**TO DO:**
The entries are to be written out again with no differences.

═════ DATASET EXTRACT

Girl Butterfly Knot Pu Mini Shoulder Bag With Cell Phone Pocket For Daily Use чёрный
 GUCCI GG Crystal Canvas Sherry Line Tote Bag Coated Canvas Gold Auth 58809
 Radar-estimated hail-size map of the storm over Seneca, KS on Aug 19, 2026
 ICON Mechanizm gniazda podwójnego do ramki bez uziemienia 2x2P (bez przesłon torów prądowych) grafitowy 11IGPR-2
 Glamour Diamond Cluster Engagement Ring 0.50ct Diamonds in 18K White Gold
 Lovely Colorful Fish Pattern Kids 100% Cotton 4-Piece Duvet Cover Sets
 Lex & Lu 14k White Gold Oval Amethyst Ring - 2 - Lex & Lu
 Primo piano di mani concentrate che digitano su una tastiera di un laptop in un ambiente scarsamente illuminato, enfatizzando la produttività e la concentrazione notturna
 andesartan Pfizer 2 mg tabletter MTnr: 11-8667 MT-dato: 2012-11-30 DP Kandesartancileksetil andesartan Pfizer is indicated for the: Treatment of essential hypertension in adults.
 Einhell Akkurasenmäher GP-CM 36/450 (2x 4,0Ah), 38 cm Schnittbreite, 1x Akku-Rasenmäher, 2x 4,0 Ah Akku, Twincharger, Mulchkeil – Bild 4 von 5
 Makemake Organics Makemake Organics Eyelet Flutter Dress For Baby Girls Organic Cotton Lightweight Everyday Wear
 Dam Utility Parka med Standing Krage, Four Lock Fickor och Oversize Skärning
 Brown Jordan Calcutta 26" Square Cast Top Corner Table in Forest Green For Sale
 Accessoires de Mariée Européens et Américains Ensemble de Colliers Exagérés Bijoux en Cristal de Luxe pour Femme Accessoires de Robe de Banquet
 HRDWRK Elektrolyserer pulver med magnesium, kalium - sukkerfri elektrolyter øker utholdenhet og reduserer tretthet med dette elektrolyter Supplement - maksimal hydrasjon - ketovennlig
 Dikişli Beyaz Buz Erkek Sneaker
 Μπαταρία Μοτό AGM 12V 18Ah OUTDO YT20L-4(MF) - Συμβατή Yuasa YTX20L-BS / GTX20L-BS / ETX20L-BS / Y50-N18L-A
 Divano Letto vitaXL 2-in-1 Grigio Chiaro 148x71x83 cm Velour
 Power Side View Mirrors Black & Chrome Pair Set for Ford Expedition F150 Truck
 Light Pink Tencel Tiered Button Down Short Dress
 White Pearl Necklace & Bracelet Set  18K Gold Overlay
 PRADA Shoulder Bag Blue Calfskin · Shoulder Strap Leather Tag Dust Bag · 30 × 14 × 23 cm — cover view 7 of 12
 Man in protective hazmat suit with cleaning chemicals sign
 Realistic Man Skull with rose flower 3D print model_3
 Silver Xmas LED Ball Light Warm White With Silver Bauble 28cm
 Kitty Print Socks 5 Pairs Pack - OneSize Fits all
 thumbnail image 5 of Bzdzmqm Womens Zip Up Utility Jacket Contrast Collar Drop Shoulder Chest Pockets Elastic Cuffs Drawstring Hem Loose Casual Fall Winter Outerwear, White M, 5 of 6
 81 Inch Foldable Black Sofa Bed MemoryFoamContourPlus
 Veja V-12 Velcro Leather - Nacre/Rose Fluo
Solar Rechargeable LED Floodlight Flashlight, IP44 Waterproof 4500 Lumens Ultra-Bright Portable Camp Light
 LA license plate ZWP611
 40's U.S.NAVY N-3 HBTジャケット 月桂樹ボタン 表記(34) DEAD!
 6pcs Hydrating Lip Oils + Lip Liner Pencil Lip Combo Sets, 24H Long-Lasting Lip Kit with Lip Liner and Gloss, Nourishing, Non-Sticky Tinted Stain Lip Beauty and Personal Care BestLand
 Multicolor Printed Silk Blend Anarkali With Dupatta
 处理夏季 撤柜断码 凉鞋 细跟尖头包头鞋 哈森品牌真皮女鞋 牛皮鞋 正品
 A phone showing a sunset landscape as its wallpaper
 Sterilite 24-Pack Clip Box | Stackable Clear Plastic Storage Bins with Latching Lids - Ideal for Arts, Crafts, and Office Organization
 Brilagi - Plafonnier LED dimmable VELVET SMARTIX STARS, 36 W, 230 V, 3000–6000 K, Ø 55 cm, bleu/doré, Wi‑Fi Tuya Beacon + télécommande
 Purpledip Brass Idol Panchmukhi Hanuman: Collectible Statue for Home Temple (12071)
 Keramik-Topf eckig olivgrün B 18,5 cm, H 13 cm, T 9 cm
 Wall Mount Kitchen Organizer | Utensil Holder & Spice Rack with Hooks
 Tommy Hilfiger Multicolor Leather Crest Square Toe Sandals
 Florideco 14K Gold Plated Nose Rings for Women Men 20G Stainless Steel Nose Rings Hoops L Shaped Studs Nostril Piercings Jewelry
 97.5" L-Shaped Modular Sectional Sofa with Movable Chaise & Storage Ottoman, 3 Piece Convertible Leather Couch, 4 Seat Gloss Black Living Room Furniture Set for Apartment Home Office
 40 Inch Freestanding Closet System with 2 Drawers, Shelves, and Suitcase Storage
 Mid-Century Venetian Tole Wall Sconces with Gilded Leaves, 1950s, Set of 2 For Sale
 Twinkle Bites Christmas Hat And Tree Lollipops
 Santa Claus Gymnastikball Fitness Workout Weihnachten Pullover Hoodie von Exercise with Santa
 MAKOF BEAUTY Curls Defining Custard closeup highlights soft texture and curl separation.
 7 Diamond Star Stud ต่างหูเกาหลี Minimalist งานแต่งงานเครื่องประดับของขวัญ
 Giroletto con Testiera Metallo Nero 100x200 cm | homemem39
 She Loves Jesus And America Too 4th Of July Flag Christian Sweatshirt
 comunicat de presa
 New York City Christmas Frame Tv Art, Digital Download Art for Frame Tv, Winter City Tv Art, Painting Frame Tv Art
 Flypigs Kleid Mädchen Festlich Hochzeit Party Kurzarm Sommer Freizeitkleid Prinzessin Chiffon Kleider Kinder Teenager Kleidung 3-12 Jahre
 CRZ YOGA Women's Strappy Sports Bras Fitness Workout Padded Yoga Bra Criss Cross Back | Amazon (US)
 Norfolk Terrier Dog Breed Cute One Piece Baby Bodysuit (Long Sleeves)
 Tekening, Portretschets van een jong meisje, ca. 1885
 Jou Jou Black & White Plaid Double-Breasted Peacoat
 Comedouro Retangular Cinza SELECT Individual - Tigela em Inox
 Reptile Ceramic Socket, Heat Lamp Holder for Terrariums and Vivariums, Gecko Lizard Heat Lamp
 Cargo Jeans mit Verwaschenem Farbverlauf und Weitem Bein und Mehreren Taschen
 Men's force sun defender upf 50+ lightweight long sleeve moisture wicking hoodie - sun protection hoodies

══════════

**COMPLETED EXERCISE:**
Girl Butterfly Knot Pu Mini Shoulder Bag With Cell Phone Pocket For Daily Use чёрный
 GUCCI GG Crystal Canvas Sherry Line Tote Bag Coated Canvas Gold Auth 58809
 Radar-estimated hail-size map of the storm over Seneca, KS on Aug 19, 2026
 ICON Mechanizm gniazda podwójnego do ramki bez uziemienia 2x2P (bez przesłon torów prądowych) grafitowy 11IGPR-2
 Glamour Diamond Cluster Engagement Ring 0.50ct Diamonds in 18K White Gold
 Lovely Colorful Fish Pattern Kids 100% Cotton 4-Piece Duvet Cover Sets
 Lex & Lu 14k White Gold Oval Amethyst Ring - 2 - Lex & Lu
 Primo piano di mani concentrate che digitano su una tastiera di un laptop in un ambiente scarsamente illuminato, enfatizzando la produttività e la concentrazione notturna
 andesartan Pfizer 2 mg tabletter MTnr: 11-8667 MT-dato: 2012-11-30 DP Kandesartancileksetil andesartan Pfizer is indicated for the: Treatment of essential hypertension in adults.
 Einhell Akkurasenmäher GP-CM 36/450 (2x 4,0Ah), 38 cm Schnittbreite, 1x Akku-Rasenmäher, 2x 4,0 Ah Akku, Twincharger, Mulchkeil – Bild 4 von 5
 Makemake Organics Makemake Organics Eyelet Flutter Dress For Baby Girls Organic Cotton Lightweight Everyday Wear
 Dam Utility Parka med Standing Krage, Four Lock Fickor och Oversize Skärning
 Brown Jordan Calcutta 26" Square Cast Top Corner Table in Forest Green For Sale
 Accessoires de Mariée Européens et Américains Ensemble de Colliers Exagérés Bijoux en Cristal de Luxe pour Femme Accessoires de Robe de Banquet
 HRDWRK Elektrolyserer pulver med magnesium, kalium - sukkerfri elektrolyter øker utholdenhet og reduserer tretthet med dette elektrolyter Supplement - maksimal hydrasjon - ketovennlig
 Dikişli Beyaz Buz Erkek Sneaker
 Μπαταρία Μοτό AGM 12V 18Ah OUTDO YT20L-4(MF) - Συμβατή Yuasa YTX20L-BS / GTX20L-BS / ETX20L-BS / Y50-N18L-A
 Divano Letto vitaXL 2-in-1 Grigio Chiaro 148x71x83 cm Velour
 Power Side View Mirrors Black & Chrome Pair Set for Ford Expedition F150 Truck
 Light Pink Tencel Tiered Button Down Short Dress
 White Pearl Necklace & Bracelet Set  18K Gold Overlay
 PRADA Shoulder Bag Blue Calfskin · Shoulder Strap Leather Tag Dust Bag · 30 × 14 × 23 cm — cover view 7 of 12
 Man in protective hazmat suit with cleaning chemicals sign
 Realistic Man Skull with rose flower 3D print model_3
 Silver Xmas LED Ball Light Warm White With Silver Bauble 28cm
 Kitty Print Socks 5 Pairs Pack - OneSize Fits all
 thumbnail image 5 of Bzdzmqm Womens Zip Up Utility Jacket Contrast Collar Drop Shoulder Chest Pockets Elastic Cuffs Drawstring Hem Loose Casual Fall Winter Outerwear, White M, 5 of 6
 81 Inch Foldable Black Sofa Bed MemoryFoamContourPlus
 Veja V-12 Velcro Leather - Nacre/Rose Fluo
Solar Rechargeable LED Floodlight Flashlight, IP44 Waterproof 4500 Lumens Ultra-Bright Portable Camp Light
 LA license plate ZWP611
 40's U.S.NAVY N-3 HBTジャケット 月桂樹ボタン 表記(34) DEAD!
 6pcs Hydrating Lip Oils + Lip Liner Pencil Lip Combo Sets, 24H Long-Lasting Lip Kit with Lip Liner and Gloss, Nourishing, Non-Sticky Tinted Stain Lip Beauty and Personal Care BestLand
 Multicolor Printed Silk Blend Anarkali With Dupatta
 处理夏季 撤柜断码 凉鞋 细跟尖头包头鞋 哈森品牌真皮女鞋 牛皮鞋 正品
 A phone showing a sunset landscape as its wallpaper
 Sterilite 24-Pack Clip Box | Stackable Clear Plastic Storage Bins with Latching Lids - Ideal for Arts, Crafts, and Office Organization
 Brilagi - Plafonnier LED dimmable VELVET SMARTIX STARS, 36 W, 230 V, 3000–6000 K, Ø 55 cm, bleu/doré, Wi‑Fi Tuya Beacon + télécommande
 Purpledip Brass Idol Panchmukhi Hanuman: Collectible Statue for Home Temple (12071)
 Keramik-Topf eckig olivgrün B 18,5 cm, H 13 cm, T 9 cm
 Wall Mount Kitchen Organizer | Utensil Holder & Spice Rack with Hooks
 Tommy Hilfiger Multicolor Leather Crest Square Toe Sandals
 Florideco 14K Gold Plated Nose Rings for Women Men 20G Stainless Steel Nose Rings Hoops L Shaped Studs Nostril Piercings Jewelry
 97.5" L-Shaped Modular Sectional Sofa with Movable Chaise & Storage Ottoman, 3 Piece Convertible Leather Couch, 4 Seat Gloss Black Living Room Furniture Set for Apartment Home Office
 40 Inch Freestanding Closet System with 2 Drawers, Shelves, and Suitcase Storage
 Mid-Century Venetian Tole Wall Sconces with Gilded Leaves, 1950s, Set of 2 For Sale
 Twinkle Bites Christmas Hat And Tree Lollipops
 Santa Claus Gymnastikball Fitness Workout Weihnachten Pullover Hoodie von Exercise with Santa
 MAKOF BEAUTY Curls Defining Custard closeup highlights soft texture and curl separation.
 7 Diamond Star Stud ต่างหูเกาหลี Minimalist งานแต่งงานเครื่องประดับของขวัญ
 Giroletto con Testiera Metallo Nero 100x200 cm | homemem39
 She Loves Jesus And America Too 4th Of July Flag Christian Sweatshirt
 comunicat de presa
 New York City Christmas Frame Tv Art, Digital Download Art for Frame Tv, Winter City Tv Art, Painting Frame Tv Art
 Flypigs Kleid Mädchen Festlich Hochzeit Party Kurzarm Sommer Freizeitkleid Prinzessin Chiffon Kleider Kinder Teenager Kleidung 3-12 Jahre
 CRZ YOGA Women's Strappy Sports Bras Fitness Workout Padded Yoga Bra Criss Cross Back | Amazon (US)
 Norfolk Terrier Dog Breed Cute One Piece Baby Bodysuit (Long Sleeves)
 Tekening, Portretschets van een jong meisje, ca. 1885
 Jou Jou Black & White Plaid Double-Breasted Peacoat
 Comedouro Retangular Cinza SELECT Individual - Tigela em Inox
 Reptile Ceramic Socket, Heat Lamp Holder for Terrariums and Vivariums, Gecko Lizard Heat Lamp
 Cargo Jeans mit Verwaschenem Farbverlauf und Weitem Bein und Mehreren Taschen
 Men's force sun defender upf 50+ lightweight long sleeve moisture wicking hoodie - sun protection hoodies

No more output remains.